A publicação, da responsabilidade do Centro de Oncologia dos Açores,  dá a conhecer os dados de incidência do cancro na Região entre 1997 e 2016 e apresenta os dados por sexo, ilha e localização topográfica, ou seja, pelo local de origem do tumor primário.

Dos mais de 19 mil cancros registados nestes 20 anos, 11.367 foram detectados em homens (59% do total) e 7.863 em mulheres (41%), dando origem a uma média de 962 novos casos por ano.

O grupo etário dos 50 aos 69 anos foi o que registou o maior número de novos casos nos homens, enquanto nas mulheres foi as com mais de 70 anos.

Segundo a publicação, os cancros mais frequentes nos homens são os da próstata e do pulmão e, nas mulheres, os cancros da mama e do cólon e recto. 

Para o apuramento dos dados deste registo ao longo de 20 anos, o Centro de Oncologia dos Açores contou com a colaboração dos três hospitais da Região e com algumas entidades privadas, nomeadamente laboratórios. 

Na apresentação da publicação, o  Secretário Regional da Saúde destacou que o registo oncológico actualiza “os últimos cinco anos que faltavam, e temos actualmente o registo oncológico mais actualizado no todo nacional”.

Rui Luís sublinhou que o registo agora publicado se enquadra no trabalho de investigação promovido pela Secretaria Regional da Saúde, denominado ‘Estudo sobre Cancro nos Açores’.
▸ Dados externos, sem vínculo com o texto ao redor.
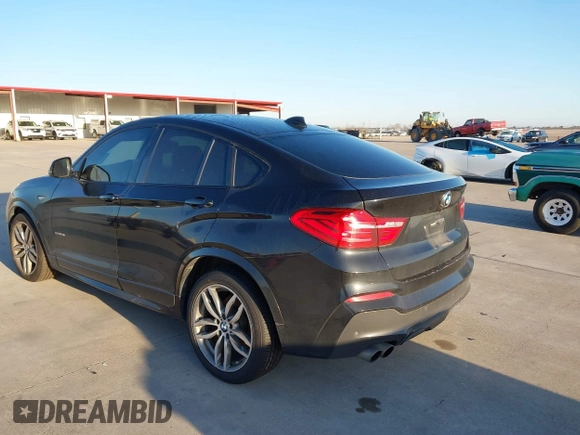 2018 BMW X4 xDrive28i with VIN 5UXXW3C59J0T80560, listed as a IAAI auction lot 41734915 with 122,850 mi miles. Bid and sale history available at carsss.com. Image 3.
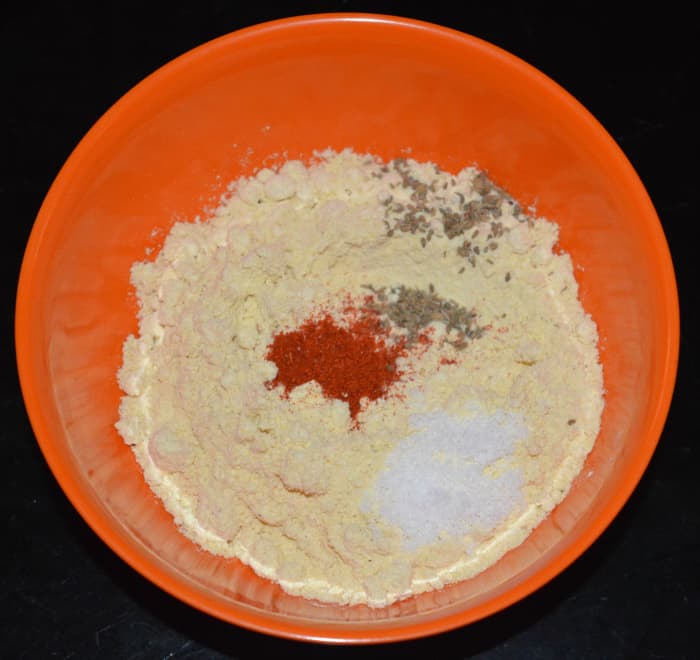 1. Add chickpea flour, red chili powder, salt, and carom seeds to a mixing bowl. Add water little by little and prepare a thick and lump-free batter.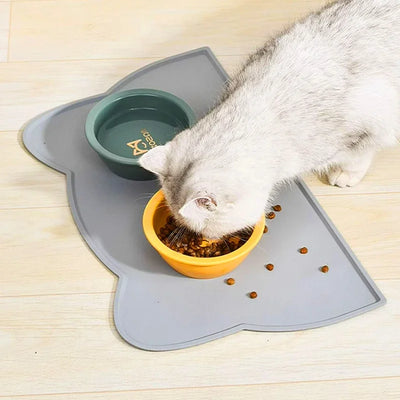 Pet feeding mat – cat eating from a waterproof non-slip gray placemat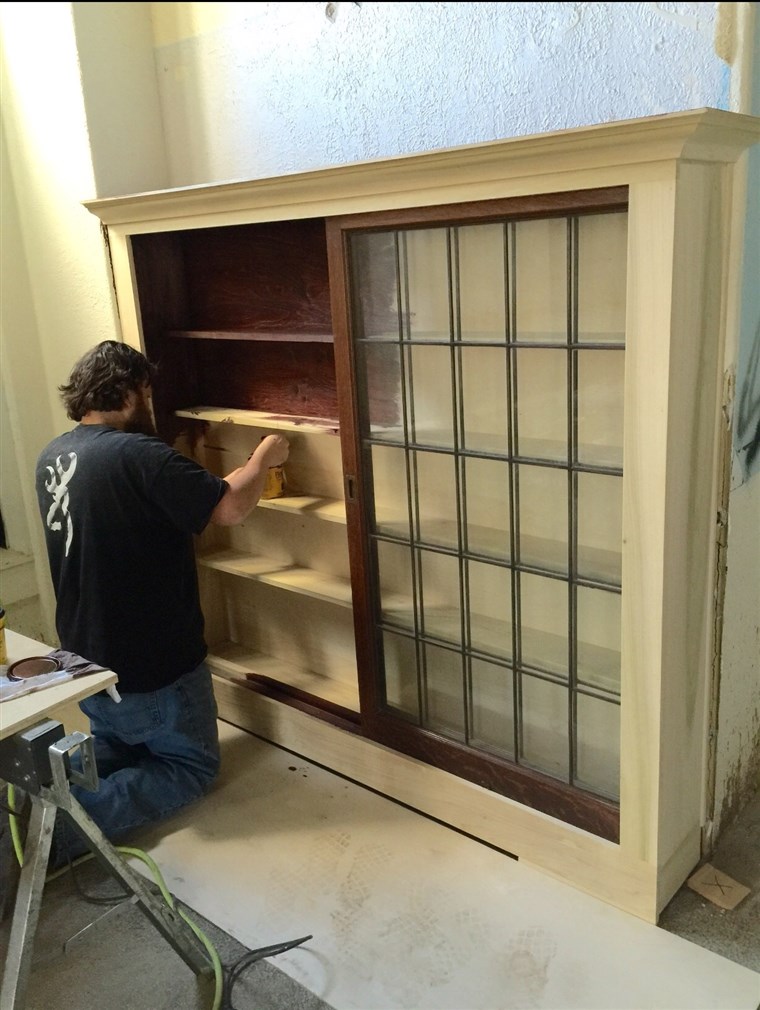 हारून Gray, one of the Singing Contractors, paints wood stain onto cabinets he built.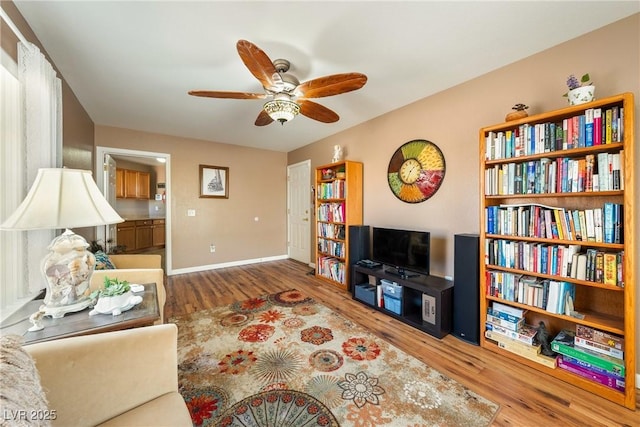 living area with ceiling fan, baseboards, and wood finished floors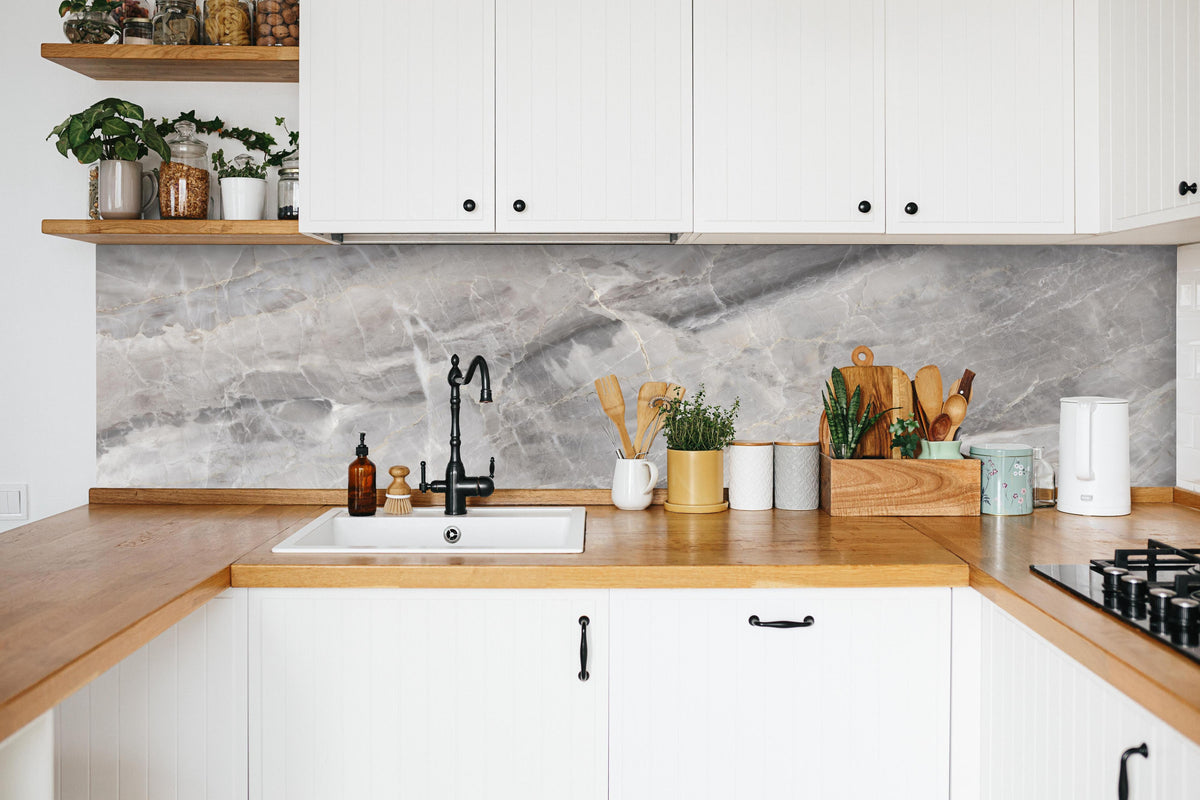 Küche - Grauer Marmor - Granit in weißer Küche hinter Gewürzen und Kochlöffeln aus Holz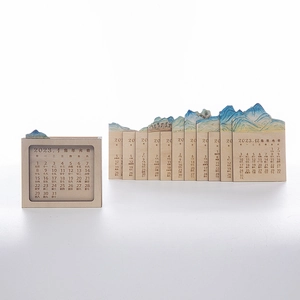 Creative 2023 wooden perpetual calendar with blue landscape art and mountain cutouts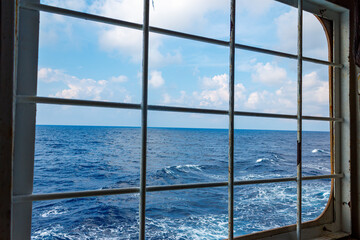 Ship's open side hatch fortified with crossing metal bars. Anti piracy protection. HRA, High Risk Areas. Illegal boarding. Ocean background.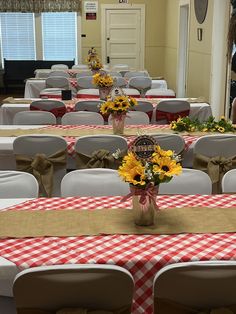 the tables are set up with sunflowers and burlap tablecloths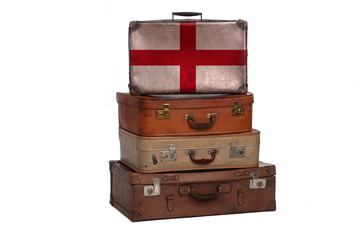 England, English travel concept. Group of vintage suitcases isolated on white background.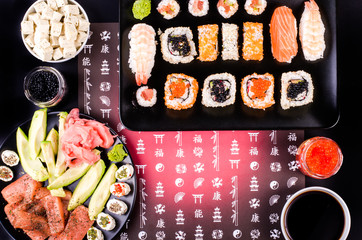 Sushi set, soy sauce, ginger, wasabi, black and red roe, avocado, salmon, cheese on black background with Japanese characters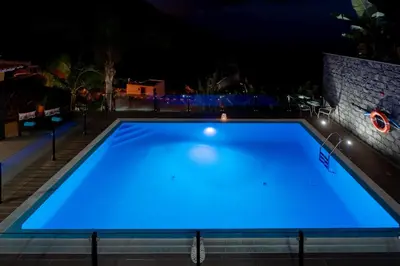 a swimming pool with a view of the ocean at Zeza´s house in Calheta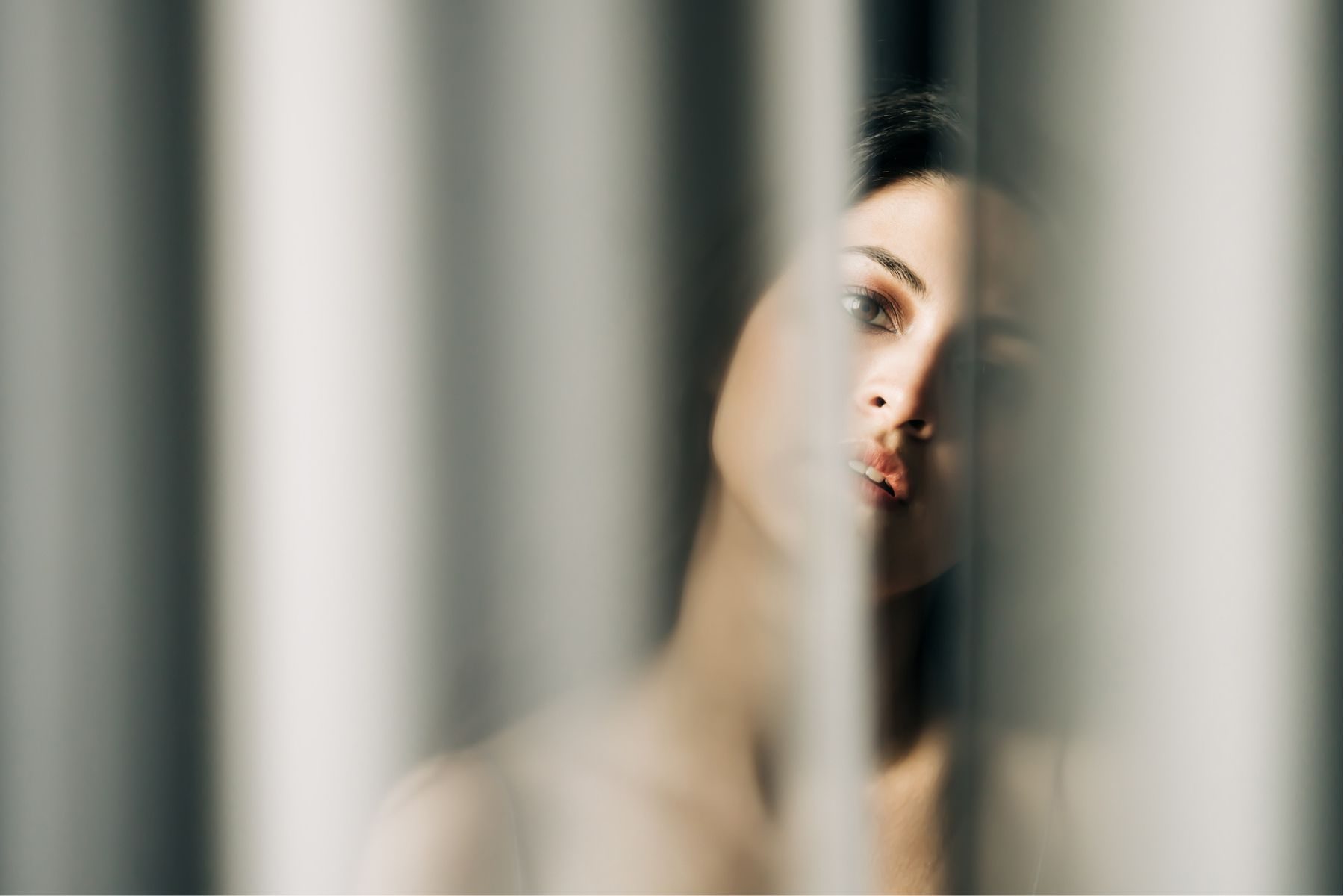 Woman hiding behind a blind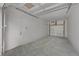 Spacious, well-lit garage features smooth concrete flooring, white walls, and an insulated garage door at 2815 W 52Nd Ave, Denver, CO 80221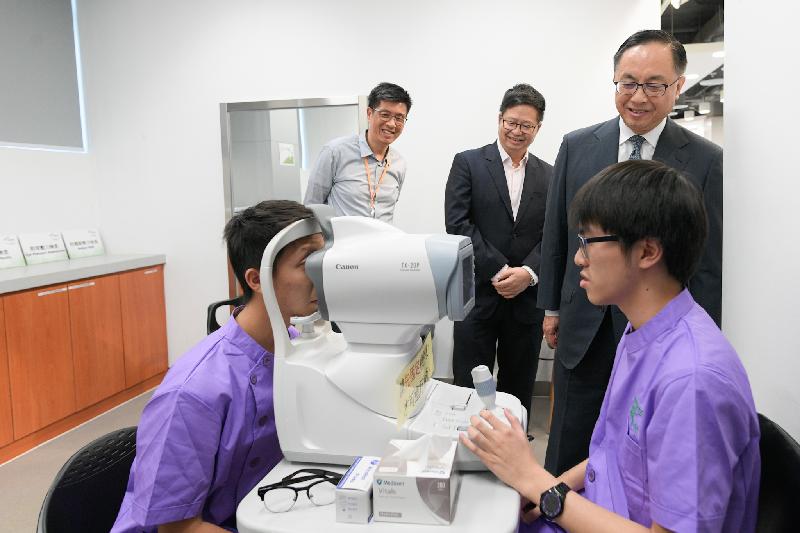 The Secretary for Innovation and Technology, Mr Nicholas W Yang (back row, right), watches students receiving training at the HealthTech Centre of the Hong Kong Institute of Vocational Education (Kwai Chung) today (October 5). Looking on is the Chairman of the Kwai Tsing District Council, Mr Law King-shing (back row, centre).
“Esta publicação é um instrumento de trabalho para o planeamento e para a investigação científica, servindo de base ao estudo sobre as causas do cancro que estamos a realizar com o apoio das universidades dos Açores e de Coimbra, que estará concluído ao longo deste ano”, frisou.

Para o Secretário Regional, trata-se de um registo oncológico rigoroso que irá contribuir para o aperfeiçoamento e avaliação das medidas em curso, e para a definição de novas políticas para o combate ao cancro.

“Os resultados vêm confirmar aquilo que são as políticas públicas em termos de prevenção primária”, sublinhou, acrescentando que esta edição “confirma os principais factores de risco associados à alimentação, ao álcool, ao tabaco e ao exercício físico”.

“Este livro é mais uma iniciativa coerente com o Plano Regional de Saúde, em especial com os programas em curso no Serviço Regional de Saúde”, sublinhou, recordando ainda o trabalho desenvolvido na prevenção secundária, com os programas organizados de rastreio oncológico de base populacional, e na prevenção terciária, com a melhoria dos cuidados primários e hospitalares e das condições de terapia e de suporte.

Rui Luís sublinhou essa cooperação e acrescentou que “é essencial que todos os intervenientes neste processo se mantenham tecnicamente aptos e disponíveis para continuar a assegurar, com o máximo de rigor e verdade, o registo oncológico”.